Closed zmoog closed 1 month ago
One of my customers is asking about integration with Azure AD when setting up integrations with Azure data sources instead of using shared secret values that may change or may be difficult to override over time. So integration with AAD should make it easier to manage the identities that are used to configure the different data integrations
New 0.4.0 (2023-01-10) beta release for the Azure Event Hubs Go SDK.
Quick update on the maturity level: Azure Event Hubs Client Module for Go reached GA on version 1.0.0.
Just mentioning that this would be very useful to us. It's currently blocking us from using Beats with Eventhubs.
Microsoft marked the github.com/Azure/azure-event-hubs-go/v3
package as deprecated in the v3.6.1 release.
I think if there are plans to implement a "v2" of the input, either by running the old and new one side-by-side for a while, behind a config flag for example (we did this for httpjson), then there could be certain other improvements that could be implemented as well:
I've started working on this and have managed to get it working with the new SDK.

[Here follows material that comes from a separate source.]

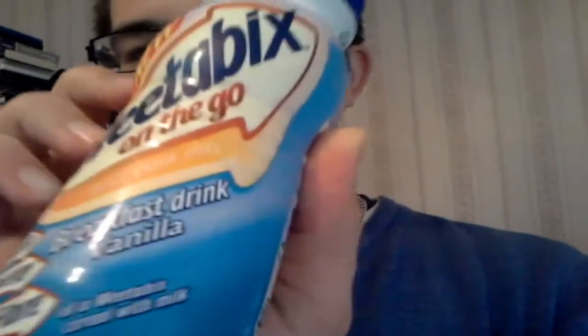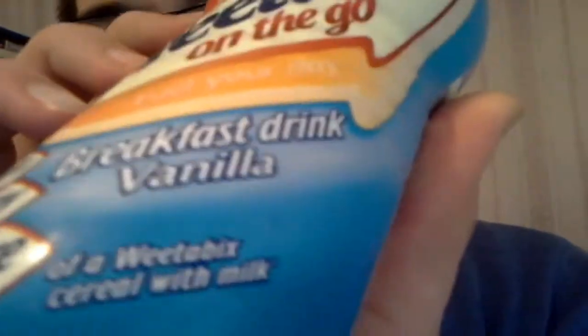So it's a drink which is based on a cereal, which is Weetabix. Weetabix on the go — fuel your day. And I don't know if you can see that, but it is vanilla. Yeah, vanilla milk. I love vanilla milkshakes and things, so I love vanilla drinks. I'm guessing it's going to be like Weetabix but with vanilla. I don't know guys, it's going to be interesting. That's why I thought I would do a let's try.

Here's my fork: https://github.com/Martin-Kemp/beats/tree/new_azure_eventhubs_sdk
It's still very basic. I basically just replaced the SDK, deleted the eph.go
file and replaced it with a processor.go
with the same logic.
Needs a bit more work but I compiled it and it's working and importantly it now adds the partitionKey field to the messages which is what we need from the new SDK.
I wouldn't mind a bit of help to get this over the line. I'm not a Go programmer nor am I very familiar with this repo :)
Hey @Martin-Kemp! We are starting to upgrade the input to the new SDK. How is your fork doing?
Hi @zmoog, that's great news! My fork has been working mostly fine, there seems to be some disconnect issues at higher message rates but I'm yet to figure out the root cause. We were also having Azure issues at the same time so could have been that.
It's great to hear the fork is working for you. I'll update you on this issue as we progress.
@zmoog how is work on the new input progressing? I'd be happy to do some testing if it'll help?
Hey @Martin-Kemp, the work is progressing. I am currently working on https://github.com/elastic/beats/issues/36377 to upgrade the input to input API v2 as a preparation step. I'll open a PR for this change soon.
The current plan is to offer both the legacy (v1) and modern (v2) SDKs with a configuration option.
@Martin-Kemp, I have made some progress on this topic.
First, the review is in progress on the PR updates the azure-eventhub to input API v2. This PR is a prerequisite to moving the new SDK.
Second, I pushed a working prototype of the azure-eventhub input using the new SDK at https://github.com/zmoog/beats/pull/1 (it's on my peronal fork because the first PR is not merged).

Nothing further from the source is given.